WHAT IS BEING ASKED:
Set down, character for character, everything in the records below from the line holding "Buchhändler und Dissident" down to the line holding "Li Yuan (李遠)", and no other line.

ENTRIES SHOWN:
* * * * * * *

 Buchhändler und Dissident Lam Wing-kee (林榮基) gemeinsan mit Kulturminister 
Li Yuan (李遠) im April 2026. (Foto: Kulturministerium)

* * * * * * *

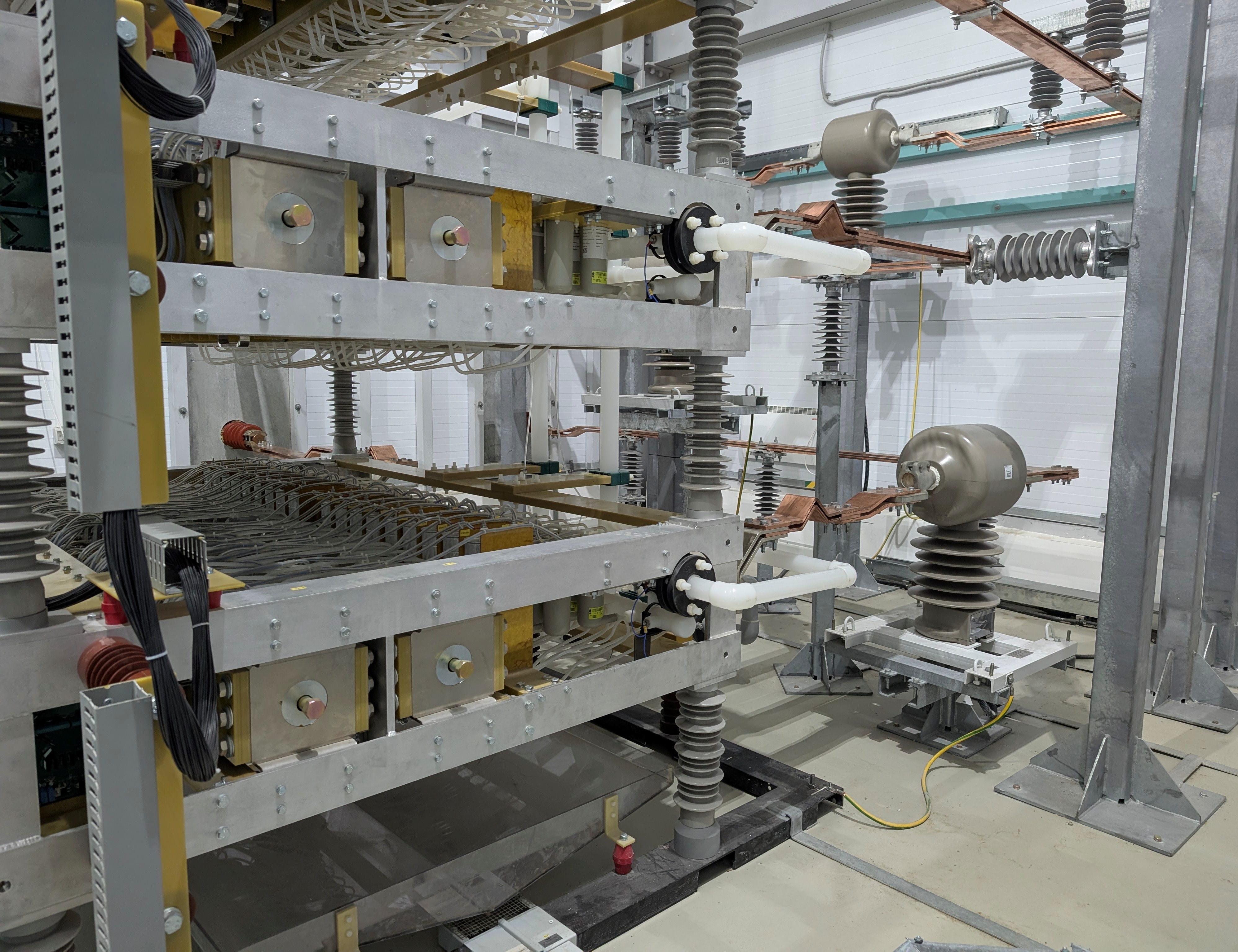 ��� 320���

* * * * * * *

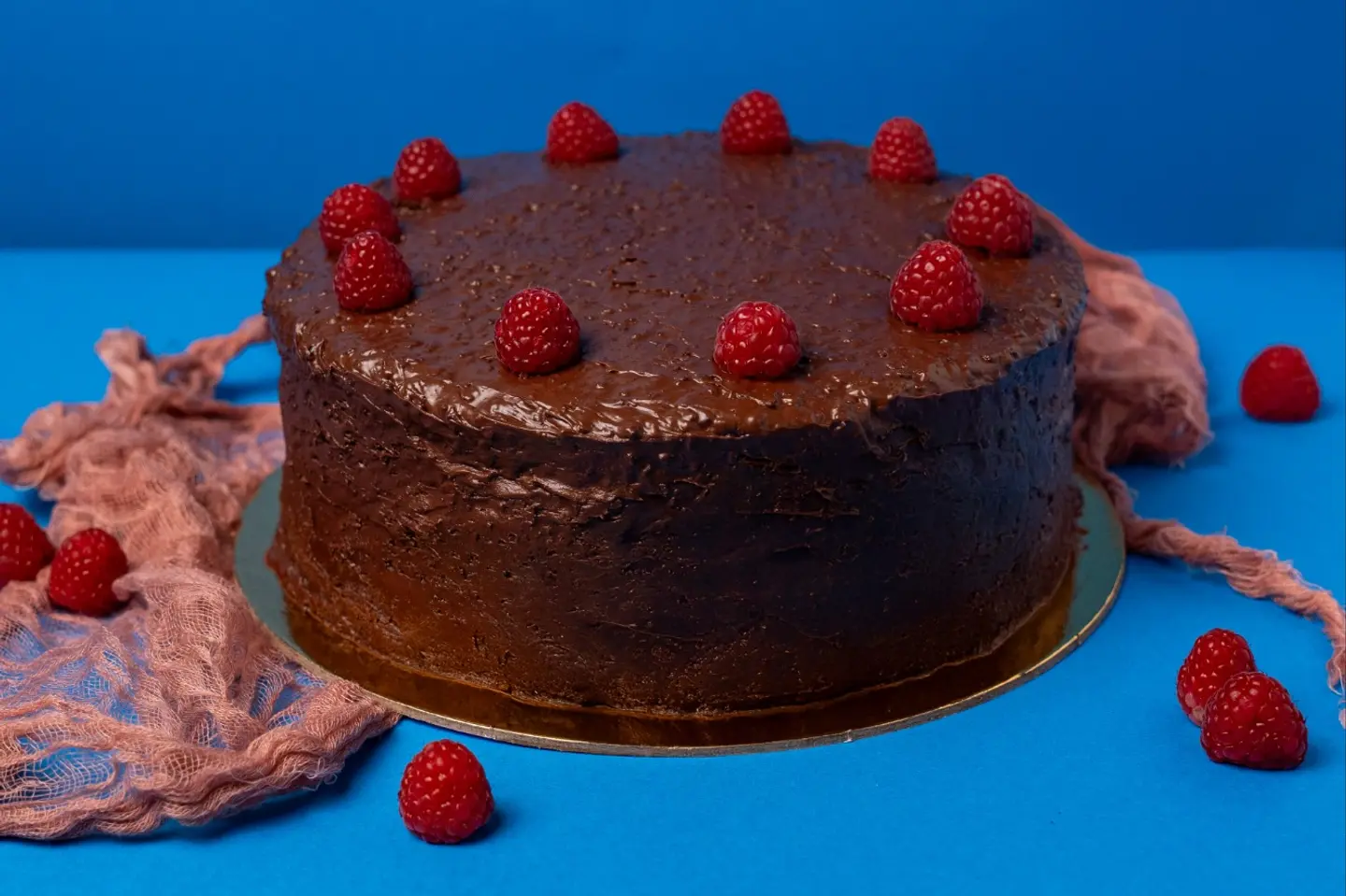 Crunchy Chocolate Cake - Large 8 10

* * * * * * *

EXERCISE ANSWER:
 Buchhändler und Dissident Lam Wing-kee (林榮基) gemeinsan mit Kulturminister 
Li Yuan (李遠) im April 2026. (Foto: Kulturministerium)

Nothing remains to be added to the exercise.